General Bonifácio Gruveta
O Comandante Bonifácio Gruveta que desde o início se havia mantido calado a escutar o diálogo, entrou no assunto mobilizando o Comandante Chipande e o Comandante do voo a ver a possibilidade de se viajar  na mesma noite, considerando que Lourenço Marques e Nampula tnham condições mínimas para a descolagem e aterragem nocturna.
-- Meu Comandante, com sua permissão. Se pudéssemos ganhar este dia poderíamos ainda esta noite estabelecer um plano para o envio de forças para Lourenço Marques -- disse o camarada Gruveta. -- Ganharíamos assim alguns dias  e os camaradas aqui poderiam reforçar as suas atenções para mais cinco ou seis dias até à chegada dos primeiros soldados da FRELIMO, sobretudo para que uma presença nossa assegurasse a necessária disciplina no dia-a-dia da população.
-- Comandante Branco, o  que diz. Podemos descolar em segurança? -- Reagiu o Comandante Chipande.
-- Concerteza. Podemos avançar imediatamente e Nampula tem boas condições de aterragem. De Lourenço Marques ainda é dia e asseguramos uma boa descolagem.
Para nossa total alegria, o Comandante Chipande aceitou e disse:
-- Muito bem, vamos avançar. Vamos levar connosco o amplo relatório do Sector de Informação e Comunicação que o camarada Betinho Chissano organizou, que indica onde estão as armas dos colonos.Mas fia aqui uma orientação . Preparem-se para trabalhar arduamente com as forças que irão chegar brevemente para que as operações de captura das armas tenham sucesso, o que significa o redobrar da vossa missão. A vossa colaboração vai ser decisiva para o sucesso do enquadramento das forças da FRELIMO no terreno.
Tropas da Frelimo a desembarcar em Lourenço Marques
E depois finalizou: 
-- Em nome do Presidente Samora Machel, quero dar os parabéns pelo sucesso da operação OPERAÇÃO GALO, GALO AMANHECEU que teve um grande impacto na frente de combate. A nossa missão aqui será coroada de sucesso, porque encontrámos um grupo forte, coeso e abnegado, pronto assumir missões pela defesa da pátria. O Presidente Samora Machel insistiu que a nossa missão em Lourenço Marques seria a de transmitir ao vosso grupo a garantia de que a FRELIMO está connvosco , para o  que der e vier pela Independência total e completa. 

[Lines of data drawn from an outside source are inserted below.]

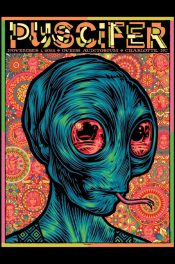 Puscifer charlotte 2022_SCALED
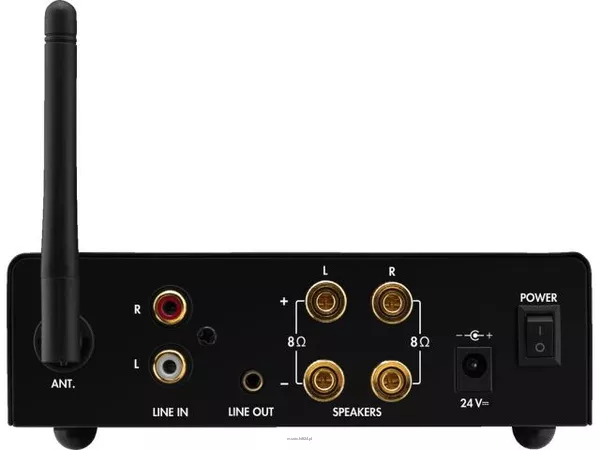 Monacor SA-160BT - 2
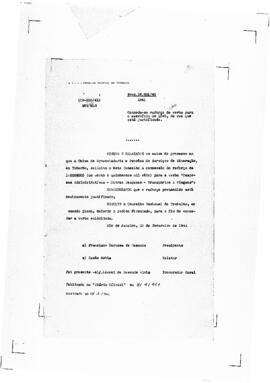 Acórdão nº 00220 de 1940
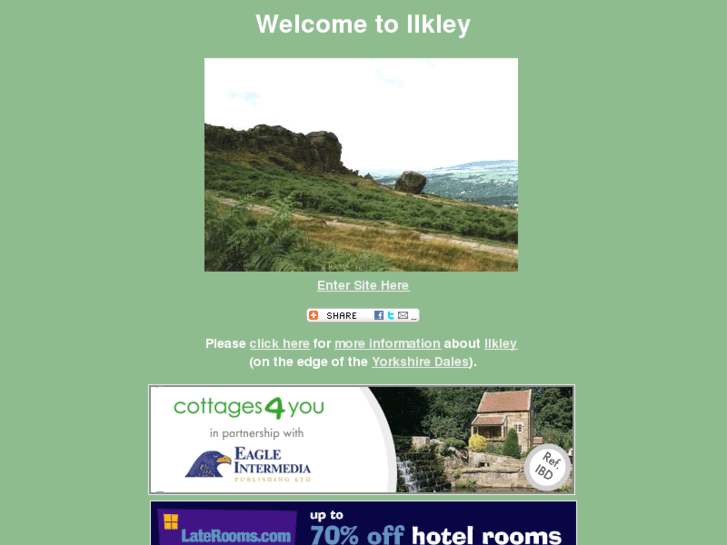 www.ilkleyandwharfedale.com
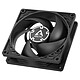 Avis Arctic P9 Silent (Noir)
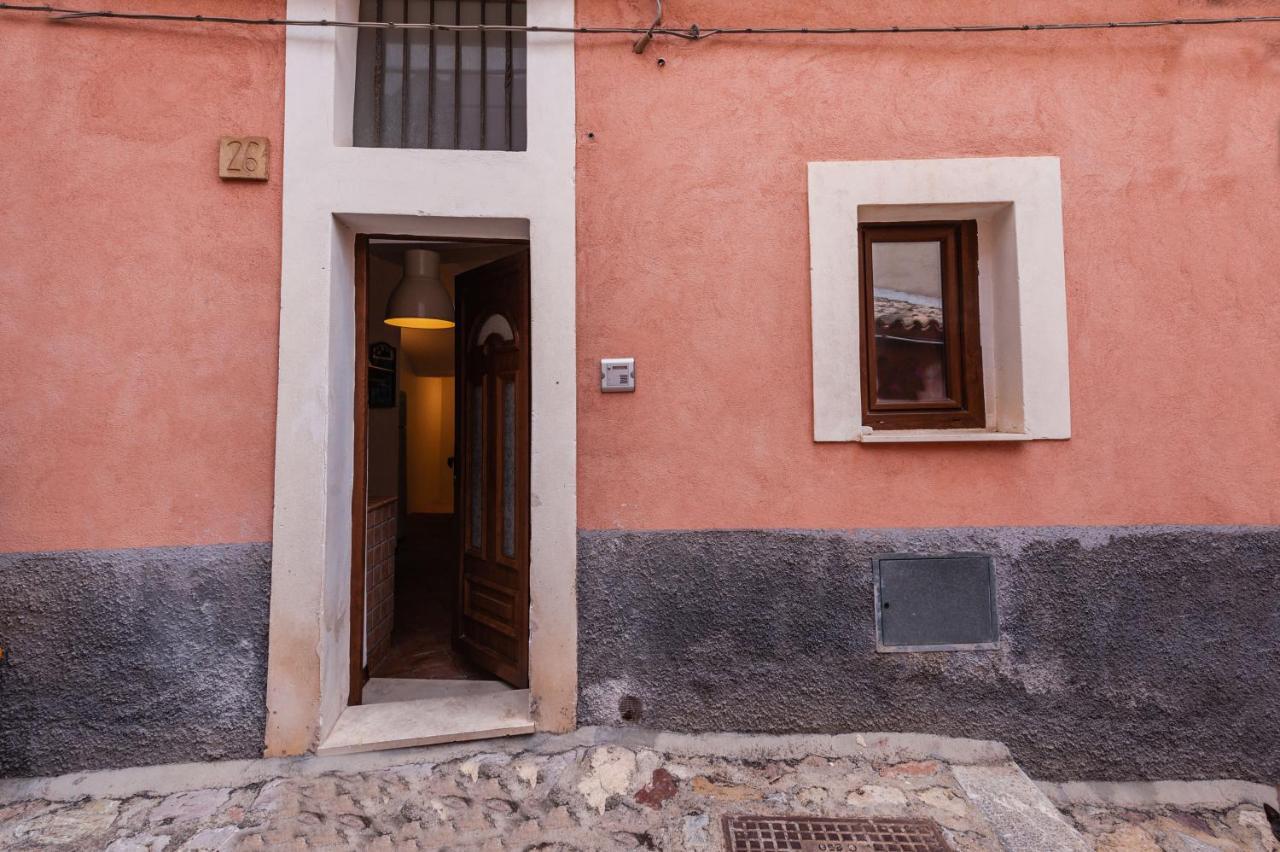 Taormina - The Godfathers Little Mansion Villa Forza dʼAgro Exterior foto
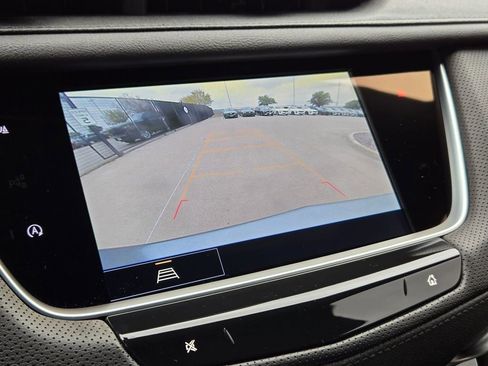 New 2026 Cadillac XT5 Luxury w/ LPO, Floor Liner Package image 15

Partimos com o sentimento de missão cumprida. Vamos transmitir ao Camarada Presidente este ambiente de firmeza e bom trabalho. Em breve estaremos e os nossos combatentes vão assegurar o bem estar do nosso povo.
Desejamos aos Comandantes uma boa viagem e  um breve regresso. Dez dias depois  recebemos as primeiras forças da FRELIMO, que foram muito importantes nas manobras do sangrento dia 21 de Outubro ( que envolveu uma Companhia de Comandos e tropas residuais ainda sensíveis ao movimento dos colonos ), para que a situação não fosse ainda pior. A larga operação de captura de armas foi de grande amplitude. A recolha de armas abrangeu toda a zona Sul. Na cidade levantámos armas dos prédios, em empresas, armazéns e farmas. Essa campanha foi decisiva para evitar o que se previa como provável aparecimento de acções de banditismo generalizado que pusessem em causa o processo do Governo de Transição rumo à Independência.